TASK TO CARRY OUT
Every line of the data below should be retyped exactly.

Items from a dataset
--

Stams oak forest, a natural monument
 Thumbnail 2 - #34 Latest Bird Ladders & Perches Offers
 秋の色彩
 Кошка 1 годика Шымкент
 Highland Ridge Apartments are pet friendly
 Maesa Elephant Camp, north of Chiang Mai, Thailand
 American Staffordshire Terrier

--

SOLUTION FOR THIS EXERCISE
Stams oak forest, a natural monument
 Thumbnail 2 - #34 Latest Bird Ladders & Perches Offers
 秋の色彩
 Кошка 1 годика Шымкент
 Highland Ridge Apartments are pet friendly
 Maesa Elephant Camp, north of Chiang Mai, Thailand
 American Staffordshire Terrier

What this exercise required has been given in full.